Matters of the heart

A heart attack occurs when the flow of life-giving blood in the heart is stopped by a blockage. Something very similar can happen in the spiritual realm as well. If we walk "in the light" and the love of God, His life and passion flows through us to others - people that He loves as much as us and wants to reach out to. However, if we turn away from God, distracted by the temptations of "everything in the world", our relationship with the Father is blocked and our spiritual arteries become clogged. We are then in danger of a spiritual heart attack that leaves us either "dead" or disabled.

These are some common causes of a spiritual blockage:

Boredom. We need to develop a vital relationship with Jesus, rather than allowing ourselves to fall into a formal, sluggish religion, where we just go through the motions. We need the presence and power of the Holy Spirit constantly flowing through us. Let's be bold and dynamic in seeking the heart of God! "Not that I have already obtained all this, or have already been made perfect, but I press on to take hold of that for which Christ Jesus took hold of me." (Philippians 3:12)

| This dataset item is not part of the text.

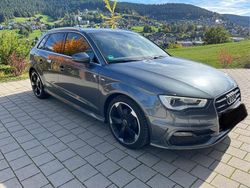 Grau Gebraucht 2014 Audi A3 Sportback S-Line Limousine | 16.500 € (Etwas zu teuer)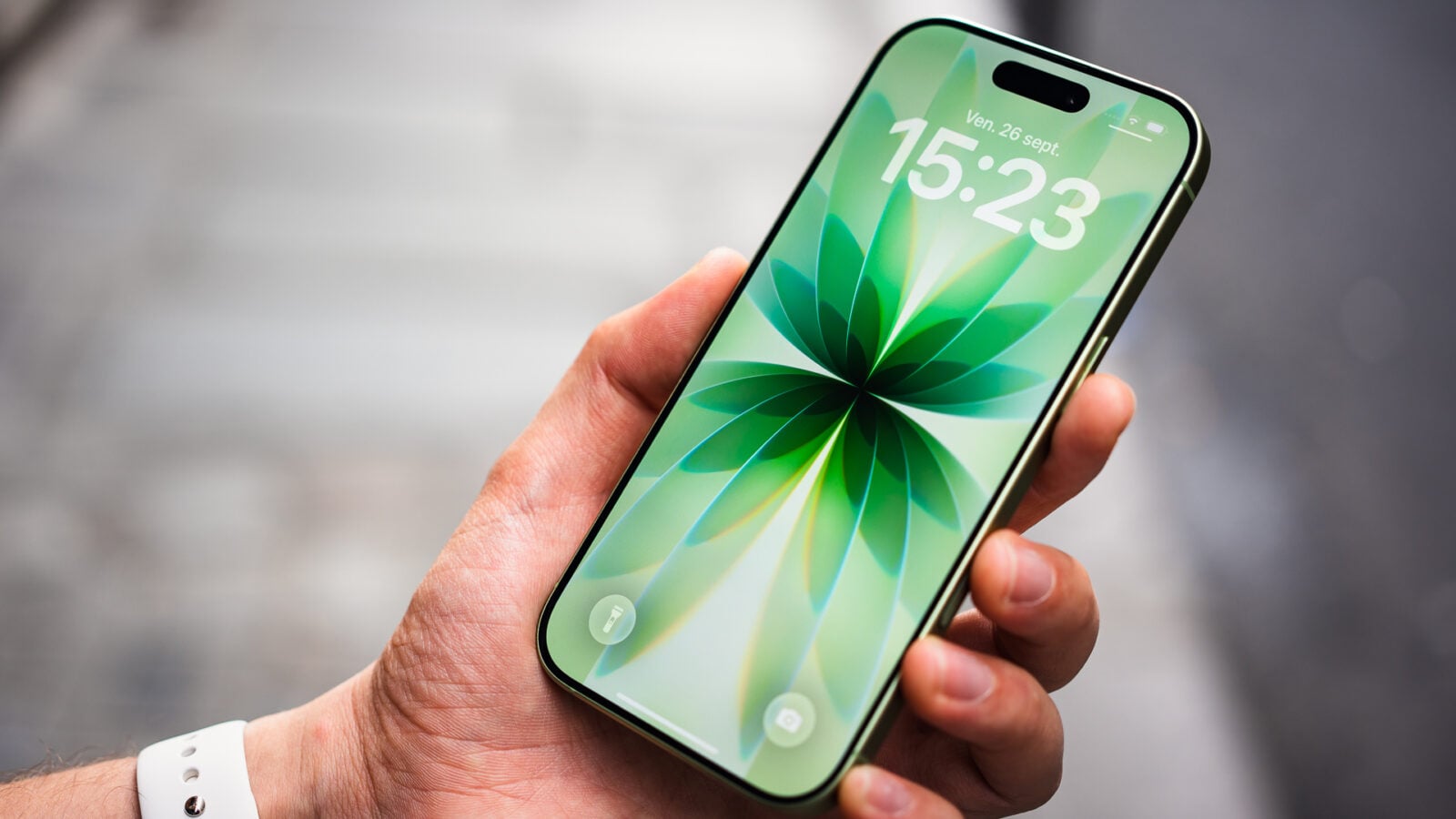 Steve Jobs piyasaya çıkmadan önce neden iPhone ekranını aniden değiştirdi?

Familiarity. This can be found in many marriages and leads to a sluggish, weak, spiritual heart. The best way to counteract this is to develop an attitude of gratitude. (1 Thessalonians 5:18)

Lust. The world is full of idols - false, empty "lovers" that seek to displace God's position in our hearts. Such idols can include sexual attraction, but there are many other things that divert us, from material possessions to status and ambition. Let's not not seek the provision over the provider. The answer is: "To seek first His kingdom and His righteousness and all these things will be given to you as well." (Matthew 6:33)

Laziness. The Christian life for eternity takes hard work. "Therefore, my dear friends, as you have always obeyed — not only in my presence but now, much more, in my absence — continue to work out your salvation with fear and trembling." (Philippians 2:12) Let's choose to love with our whole heart (Matthew 22:37) and check that we have not lost our first love. (Revelation 2:4)

Disobedience. This deadens His love in our life. His voice becomes dull and we become dissatisfied. Sometimes, it prompts us to go out and look for our satisfaction elsewhere, leading us towards those other conditions that cause blockages to a healthy relationship and a healthy heart towards God.

We don’t want anything to block our hearts and stop us moving forward in His purposes, particularly not the things of this world which are so transitory. We must declare war on the sin of "loving the world and all that is in it". We must uproot it and throw ourselves wholeheartedly into God’s way of doing things. That will help to focus our life on His life. As we seek first the kingdom of God and do not neglect our daily relationship with Jesus, we shall receive everything we need - and more - to fulfil the "great commission" of telling the whole world about the freedom that is found only in Jesus.